Figure 5.1 shows contours of the estimator \(\hat f_{n,h}\) computed on a simulated data set with \(d = 2\) at several choices of the bandwidth \(h\).

Code
# bivariate kde function
biv_kde <- function(x,data,h){
  
  val <- mean(dnorm(data[,1] - x[1],0,h) * dnorm(data[,2]- x[2],0,h))
  return(val)
  
}

# generate bivariate data points that make a "galaxy"
n <- 500
a <- 1
b <- 1/2
theta <- runif(n,0,2*pi)
s <- sample(c(-1,1),n,replace = TRUE)
r <- s * a * exp(b * theta)

X <- matrix(0,n,2)
X[,1] <- r * cos(theta) + rnorm(n,0,1)
X[,2] <- r * sin(theta) + rnorm(n,0,1)

par(mfrow = c(2,3), mar = c(2.1,2.1,1.1,1.1))
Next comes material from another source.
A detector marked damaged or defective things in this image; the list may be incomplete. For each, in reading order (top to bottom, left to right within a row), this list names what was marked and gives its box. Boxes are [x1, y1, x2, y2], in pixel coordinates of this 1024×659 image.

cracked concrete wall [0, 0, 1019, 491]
# make a scatterplot of the data points
plot(X[,2] ~ X[,1],
     xlab = "",
     ylab = "")
abline(v = 0, lty = 3)
abline(h = 0, lty = 3)

# make contour plots of kdes at several choices of the bandwidth
hh <- c(1/2,1,2,4,8)
gridsize <- 120
x1 <- seq(min(X[,1]),max(X[,1]),length = gridsize)
x2 <- seq(min(X[,2]),max(X[,2]),length = gridsize)
zz <- matrix(0,gridsize,gridsize)
for( k in 1:length(hh)){
  
  plot(X[,2] ~ X[,1],
       xlab = "",
       ylab = "",
       xaxt = "n",
       yaxt = "n",
       col = "gray")
  abline( v = 0, lty = 3)
  abline( h = 0, lty = 3)
  
  zz <- matrix(0,gridsize,gridsize)
  for(i in 1:gridsize)
    for(j in 1:gridsize){
      
      zz[i,j] <- biv_kde(x = c(x1[i],x2[j]),data = X, h = hh[k])  
      
    }
  
  contour(x1, x2, zz, add = TRUE, nlevels = 20)
  
}
Plot with six panels, each with a scatterplot and contour lines.
Figure 5.1: Contours of bivariate kernel density estimator at several bandwidths.